We found that not all staff we spoke with had up to date certificates in training the trust considered mandatory and other important training relevant to their role. There was limited formal staff supervision and not all staff we spoke with had received appropriate development and appraisal. We found the trust had recognised this and started to address it by completing a training analysis.

1st January 1970 - During a routine inspection pdf icon

We inspected Northern Lincolnshire and Goole NHS Foundation Trust (the trust) from 13 – 16 October 2015. This inspection was to review and rate the Trust’s community services for the first time using the Care Quality Commission’s (CQC) new methodology for comprehensive inspections. It was also an acute hospital focused inspection to follow up our concerns from the April 2014 comprehensive inspection and highlighted through other information routes.

Focused inspections do not look across a whole service; they focus on the areas defined by the information that triggers the need for the focused inspection. We therefore did not inspect all the core services at Goole hospital for this follow up inspection. Additionally not all of the five domains: safe, effective, caring, responsive and well led were inspected for each of the core services we inspected. For the 2015 inspection we inspected the effective domain for the emergency and urgent core service (the minor injuries unit). This was because it had not been rated in 2014. We inspected maternity services because of concerns we had received. Diagnostic services were inspected for the first time and we followed up the responsive domain in outpatients from our 2014 inspection.

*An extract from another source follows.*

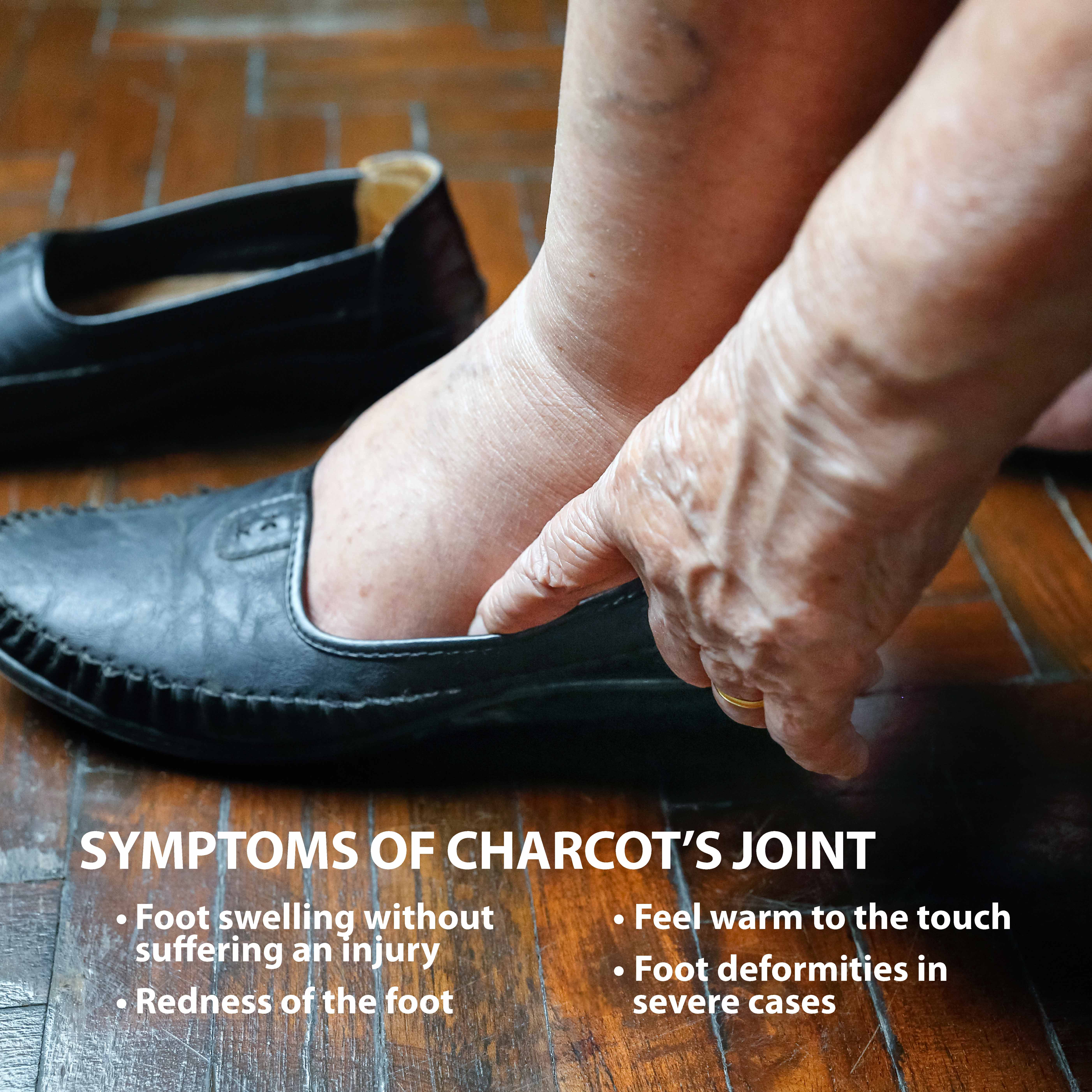 Charcot Joint Information Florida Orthopaedic Institute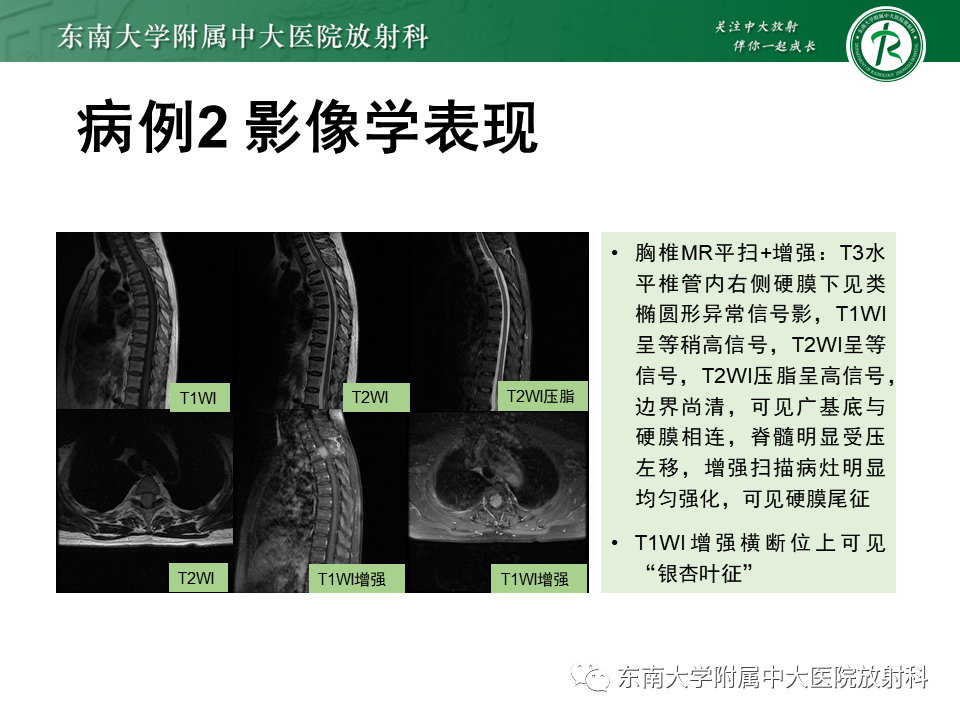 影像PPT - 【PPT】髓外硬膜下肿瘤-16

Overall at the 2015 inspection we rated Goole hospital as good. We rated Goole minor injuries unit (MIU) as ‘good’ for being effective. Maternity services and diagnostic imaging services were rated as ‘good’ overall.

Our key findings were as follows:

  • There was good evidence-based care and treatment within the MIU although some of the guidelines were past their review dates; work was taking place to action this.
  • Given that this was a small MIU in a small hospital there was good access to services seven days a week.
  • Women who chose to give birth at the hospital received two midwives to one woman care during labour and escalation procedures were in place to ensure there were sufficient staff. The unit provided individualised care and patients were treated with privacy, dignity and respect.
  • The maternity birthing pool and antenatal clinic were visibly clean.
  • The rates for patients who did not attend appointments in outpatients had improved since our last inspection, but clinic cancellation rates were worse, apart from in ophthalmology.
  • Outpatients and diagnostic imaging patients received harm-free care and treatment in a clean and well-equipped hospital from staff who had received appropriate training. Although radiology was short of medical staff across the trust, this did not affect patient care.
  • Patients in ophthalmology outpatients and radiology told us they were happy with the care and treatment they received. They told us staff were kind, caring and compassionate.

However, there were also areas of poor practice where the trust needs to make improvements at this hospital. Importantly, the trust must:

  • seek and act on feedback from service users in radiology in order to evaluate and improve the service.
  • ensure it acts upon its own gap analysis of maternity services to deliver effective management of clinical risk and practice development.
  • review the rate of cancellations of outpatient appointments and rates of ‘did not attend’ at Goole and take action to improve these in order to ensure safe and timely care and to meet the trust’s own standards of 6%.